Fino al 17 febbraio 2013 al MAXXI – Museo delle arti del XXI secolo (Via Guido Reni 4/a Roma), la mostra curata da Marida Talamone sul rapporto di Le Corbusier e l’Italia traccia un percorso temporale e tematico esponendo 600 documenti.

Quadri, disegni, progetti, tantissimi fogli di carnet di viaggio e molte fotografie ci restituiscono l’immagine di un architetto immerso nell’atmosfera della sua epoca tanto da poterne essere critico, attento alle suggestioni e alla ricerca della realtà, fra progetti concreti non trascurava di misurarsi col fascino dell’architettura e dell’arte italiana.
 
       
I disegni sono veloci, quasi infantili, più suggestioni che riproduzioni, si agganciano alla passione interiore dinanzi alla bellezza, diventano annotazioni, appunti, osservazioni, si liberano della precisione del disegno per individuare domande e possibili soluzioni.

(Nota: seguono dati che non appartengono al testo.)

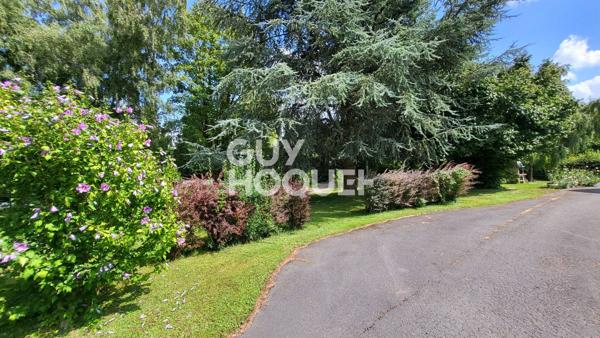 MAISON À VENDRE DE 7 PIÈCES DE 265,00 M²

Sono già un nuovo modo di scrivere l’architettura. Dal 1907 al 1923 i disegni documentano Pompei, Napoli, Villa Adriana, Pisa, Siena, la Toscana.

I suoi dipinti sono esposti vicino a quelli di Morandi e Carrà, ci dicono che la sua ricerca dell’essenziale si interessa alla metafisica e al purismo. Le Corbusier studia Michelangelo e il Palladio, i disegni di Venezia e di Vicenza sono a volte descrittivi e precisi, non trascurano la preziosità degli oggetti.

   Le Corbusier cerca un incarico dal regime fascista, vorrebbe costruire la sua “ville radieuse”, scrive direttamente a Mussolini. Si rivolge in seguito a privati come Olivetti, Volpi di Misurata, agli Agnelli. In seguito progetta il centro di calcolo elettronico di Rho per Olivetti e il nuovo Ospedale di Venezia, che non verranno mai realizzati. L’allestimento di Umberto Riva è un libro di assi di legno grezze su cui piccoli quadrati bianchi, gialli o azzurri diventano schermi, canovacci su cui sembrano sfogliarsi le pagine dei carnet appoggiate su cartoni, piegati verso di noi: materiali leggeri del viaggio di una vita.
 

All’inizio, prima di entrare fra le poltrone disegnate da Le Corbusier, su alcuni tavoli sono appoggiati libri e cataloghi; leggo: da “Quando le cattedrali erano bianche l’egoismo steso dal caso individuale a quello collettivo ha suscitato popolo contro popolo paralizzato la civiltà…quello che un tempo era legge perché non c’era alcuna barriera, legge del sole, legge del declivo delle acque, legge dei destini indecifrabili, è diventato un’etichetta da commissariato di polizia: la nazionalità”…"Quando le cattedrali erano bianche al disopra delle nazionalità un’idea comune superava tutto il resto: la cristianità… verso Gerusalemme dove era il sepolcro di un pensiero universale: l’amore”. E ancora: “La disorganizzazione del fenomeno urbano costituisce una delle spese onerose della società moderna… ricostruire le regioni urbane, rivitalizzare le campagne… camminare a piedi senza periferie”.

Le Corbusier aveva naso per il suo tempo. Scultore, pittore, uomo di lettere, i suoi disegni descrivono la necessità delle masse, i bisogni dell’individuo con frecce blu o rosse sui fogli grandi fra i tavoli da disegno.